Memory fragmentation

Memory pools

Smart pointers

Memory management is error prone. C++ provides automatic memory management through smart pointers:

std::unique_ptr<T>: Exclusive ownership, auto-deletion when out of scope

std::shared_ptr<T>: Shared ownership with reference counting

std::weak_ptr<T>: Non-owning reference to prevent circular references

Practice examples

Pointer declarations

Basic pointer with actual memory addresses:

double* p;              // pointer to double (uninitialized, contains garbage)
double x = 3.14159;
p = &x;                 // p now holds address of x (e.g., 0x7ffeeb5c4a18)
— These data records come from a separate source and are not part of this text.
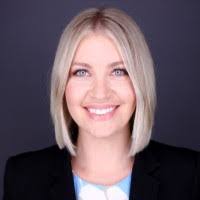 Ashley Gehrig's Instagram, Twitter & Facebook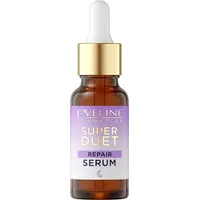 Eveline Cosmetics Super Duet Reparaturserum mit Retinol 18ml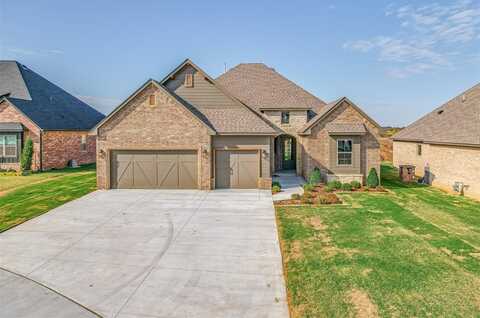 2201 Josslyn Place, Edmond, OK 73034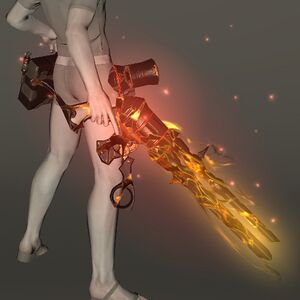 Hyperconductive Armageddon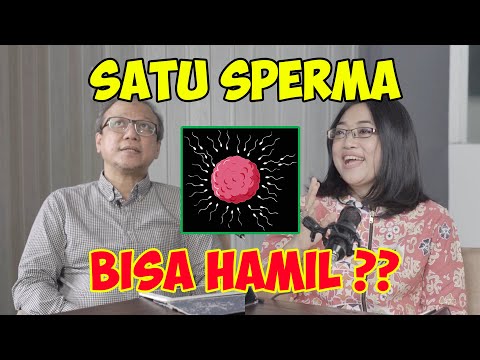 Dokter 24 ❌ Spesialis (EP 1) Podcast - Sperma Kental Belum Tentu Sehat ? (PART 2)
std::cout << "Value: " << x << std::endl;      // 3.14159
std::cout << "Address: " << &x << std::endl;   // 0x7ffeeb5c4a18
std::cout << "Pointer: " << p << std::endl;    // 0x7ffeeb5c4a18
std::cout << "Dereferenced: " << *p << std::endl;  // 3.14159

Multiple pointers on one line:

double *p1, *p2;  // both are pointers to double
double* p1, p2;   // p1 is a pointer to double, p2 is a double (confusing!)

Constant pointers:

double x = 3.14, y = 2.71;
const double* p1 = &x;         // pointer to const double (can't modify *p1)
double* const p2 = &x;         // const pointer (can't change address)
const double* const p3 = &x;   // both const

Generic pointer:

void* vp = &x; // can point to any type, but you must cast to use it

Pointer to pointer:

double** pp = &p; // points to a pointer (e.g., stores 0x7ffeeb5c4a20)

Using references

What is the concept of “null” in C++?

In C++, “null” refers to a pointer that does not point to any valid object or memory location. It is represented by the constant nullptr (introduced in C++11) or the macro NULL (from C). A null pointer is used to indicate that the pointer is not currently assigned to any object.

Why do you want to have a pointer that is “null”?

Having a null pointer is useful for several reasons:

Indicating Absence: A null pointer can signify that a pointer is not currently pointing to any valid object, which is useful for optional data or uninitialized pointers.
Error Handling: Functions can return a null pointer to indicate failure or that no valid object could be returned.
Memory Management: It helps in managing dynamic memory by allowing pointers to be set to null after deallocation, preventing dangling pointers.

What’s a good analogy to understand pointers vs references?

If a pointer is like holding someone’s address written on paper,

A reference is like being given a permanent portal directly into their house. You don’t need to look up the address — you just walk in.